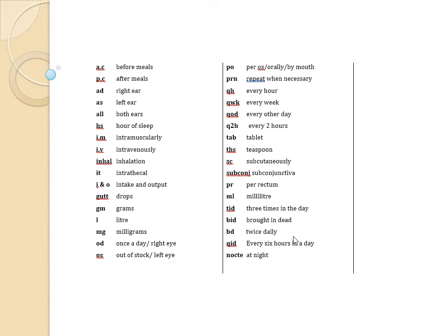night. So these are some of them, the abbreviations used in pharmacology.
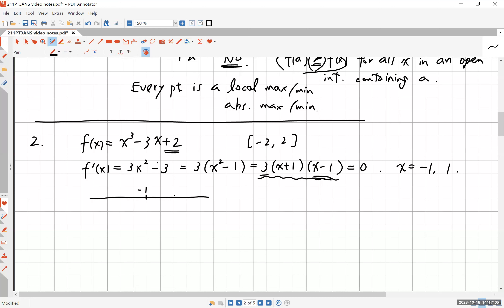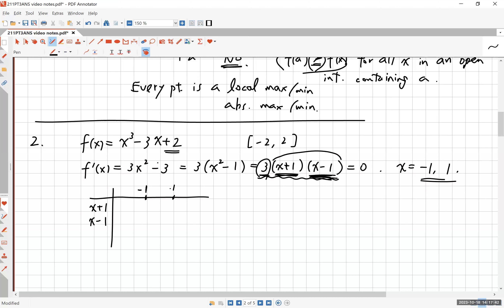Now we want to find where f' is positive or negative. Since 3 is a positive number, it does not affect the sign of f'. All we have to do is check the factors (x + 1) and (x - 1) to see where they are positive or negative. The product is positive if both factors are positive or both are negative. I put the critical numbers -1 and 1 on the number line — negative 1 is to the left of 1.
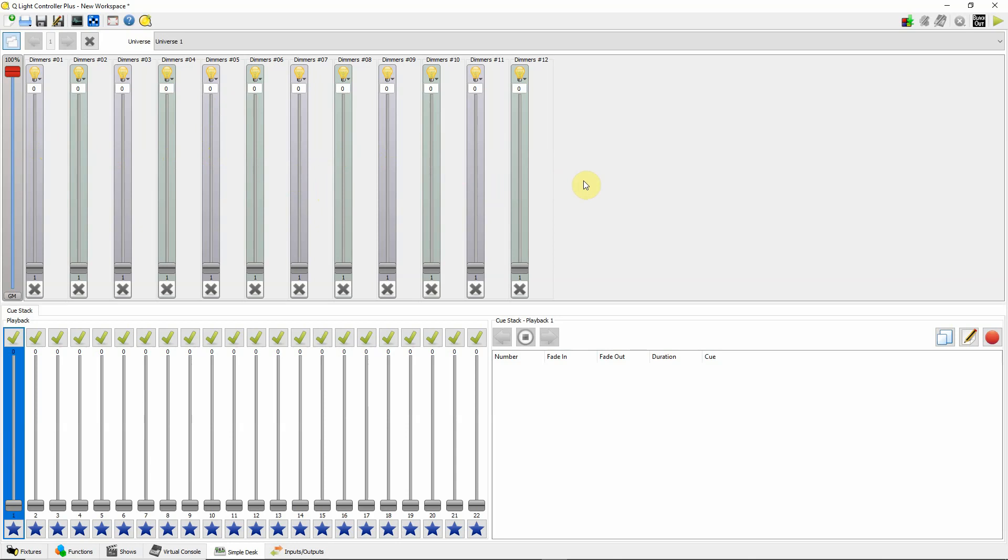And then once you do some detective work here and work your way through, then definitely make some notes that you know what channel 1 is doing. Is that a color channel or is it a programming channel? Now if you do have something like a programming channel, some of the lights are set up with a programming channel.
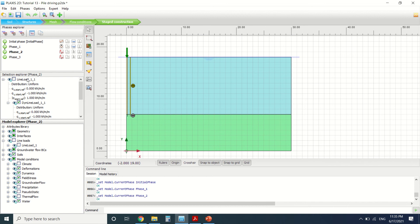In phase two, we've turned on the dynamic load. As you can see, we've turned on only the dynamic load and not the line load, since we will not be using the line load. Phase three: we've turned off the dynamic load to see the vibration caused by the dynamic load.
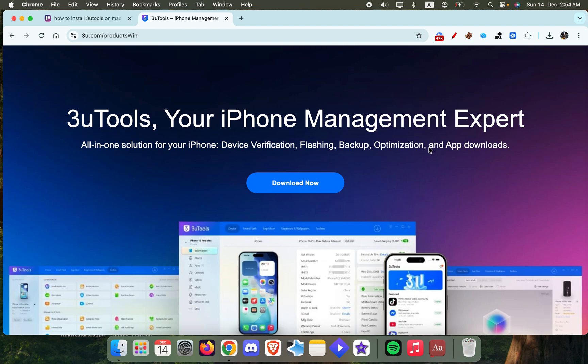In this video I'll be showing you how to install 3uTools on MacBook. So let's get started. First of all, you have to go over to this website.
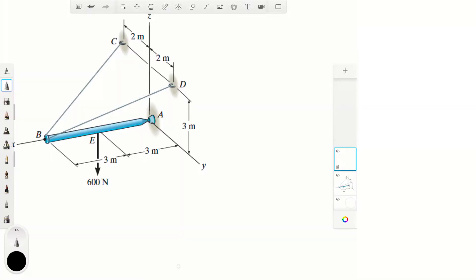Alright, let's do this problem that says: determine the components of reaction at the ball and socket joint at A, and the tension in each cable necessary for equilibrium. We have a weight W of 600 newtons pulling down, a tension I'll call Tc since it goes towards point C, and a tension I'll call Td since it goes towards point D.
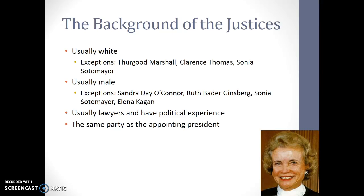A little bit of background about the justices. Usually they're white and male — the vast majority throughout history. However, there are some exceptions and they're becoming more common. Thurgood Marshall and Clarence Thomas are two Black justices we've had. Sonia Sotomayor is the first Hispanic justice. We have had four Supreme Court justices that are women — Sandra Day O'Connor, Ruth Bader Ginsburg, Sonia Sotomayor, and Elena Kagan. They usually have legal and political experience and are the most well-qualified people in the federal government.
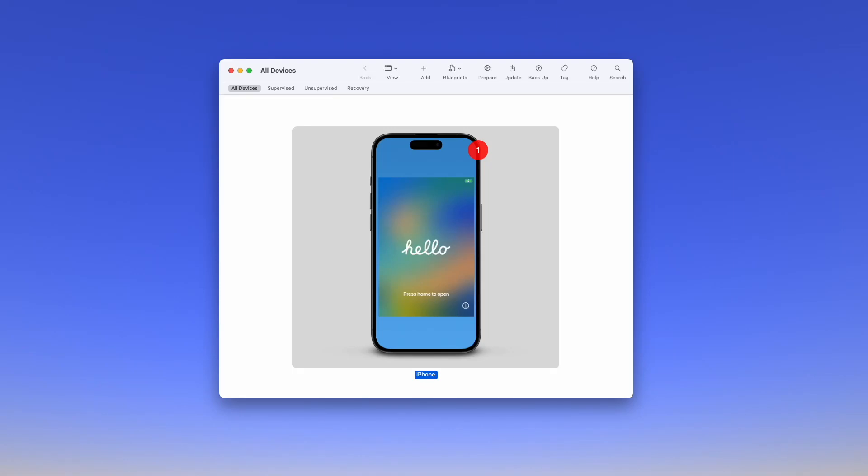Hello, so today we're going to talk again about how to retrospectively add devices to Apple's automated device enrollment. I say again because we've actually done this session before, but the user interface has changed on both Meraki and ADE, so it's time for a refresh.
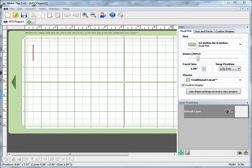Hi, and welcome to another tutorial in the Make the Cut Basics Tutorial Series. In this lesson, I'm going to show you how to use the corner handles on any item in Make the Cut to rotate, resize, and skew your project.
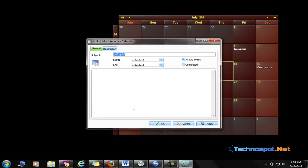You can choose whether it is an all-day event or it is for a specific period. This is the option where you can set the time.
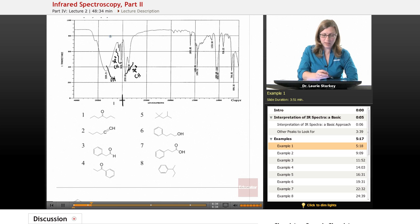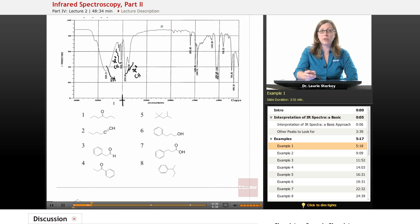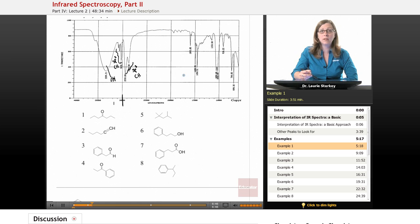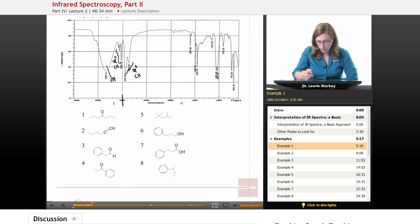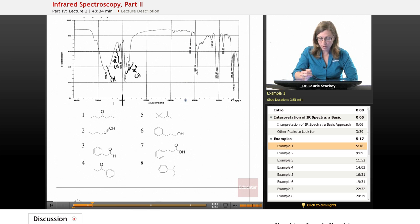We continue reading and go to 2200. We look for peaks there — do we have a triple bond? No triple bond. We continue to 1700 — is there a carbonyl? Could that tiny little peak be a carbonyl? No way. Remember, a carbonyl is the biggest, strongest peak in your whole spectrum. So there's no carbonyl and no triple bond.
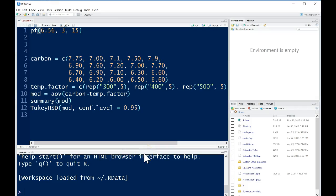This video shows you how to use the pf command to find p-values or probabilities from F distributions using R or RStudio, and then also do a single factor ANOVA analysis including the single factor ANOVA F test and a Tukey's HSD multiple comparisons procedure.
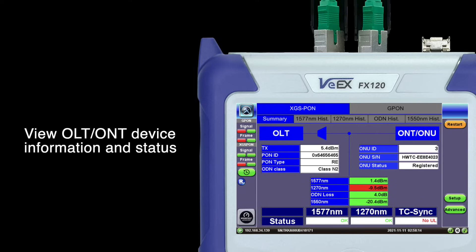Next, connect the patch cord from your ONT port to your customer ONU to view upstream power, ID, serial number, and ONT or ONU status — including registered, alien, or rogue.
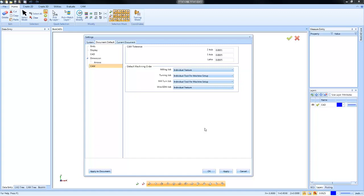I would just leave them all defaulted, and if there comes a scenario where it needs to be updated or customized, you can always speak with the support team.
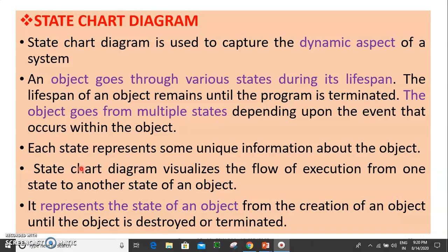This State Chart Diagram is used to represent an object in the state of its life span. In the life span, the object is created and destroyed in various states. This is the dynamic aspect of the state chart diagram. Each state represents some unique information about the object.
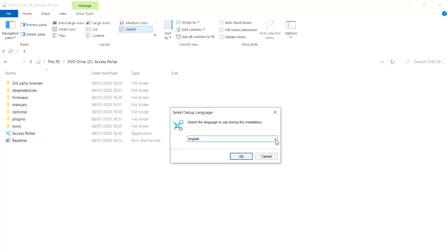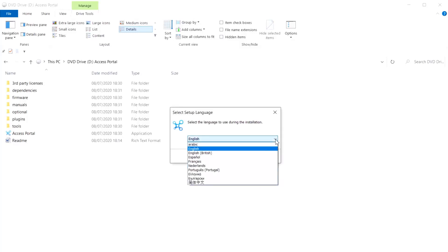Then from the Select Setup Language dialog box by clicking on the drop-down menu, you can select one of the 10 languages. The following languages are available:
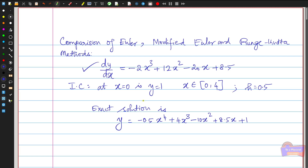This is the general solution equation, which we already discussed when solving using Euler's method and Python programming. Now I am going to compare this with the modified Euler's as well as the Runge-Kutta method by writing the program to solve the same equation, fixing h = 0.5, and showing how the error is reduced moving from Euler's to the Runge-Kutta method.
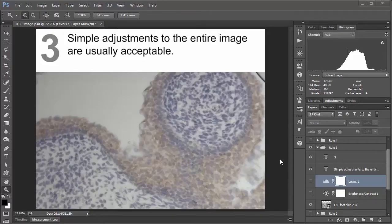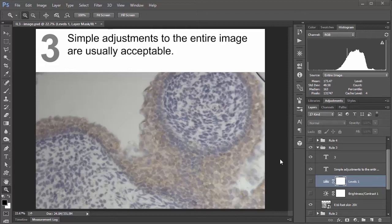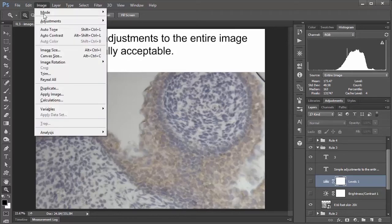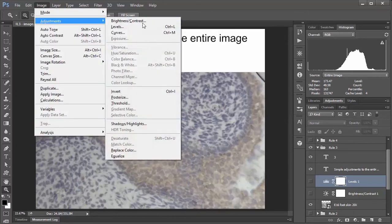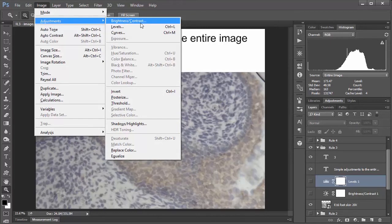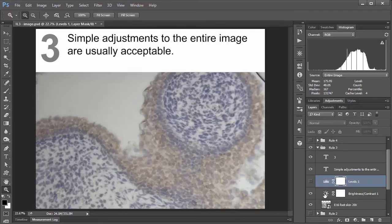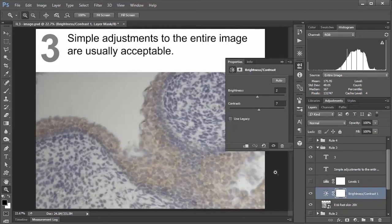Number three. Simple adjustments to the entire image are usually acceptable. And so I wanted to spend a bit of extra time on this one, because it might actually not be quite as simple as you may think. And so say you had an image like this where you might be tempted to adjust the contrast or brightness, and typically the way you go about this is to use the brightness contrast adjustment layer, or even the image adjustments brightness contrast, which I'd actually not recommend since it's a destructive change. But we'll talk about that a different time.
---
> _Required work_: The lines above from the line with "Hi, and welcome" through the line with "You can choose" are to be given again word for word, with no pictures among them.

> _Completed exercise_:
Hi, and welcome to another tutorial in the Make the Cut Basics Tutorial Series. In this lesson, I'm going to show you how to use the corner handles on any item in Make the Cut to rotate, resize, and skew your project.
You can choose whether it is an all-day event or it is for a specific period. This is the option where you can set the time.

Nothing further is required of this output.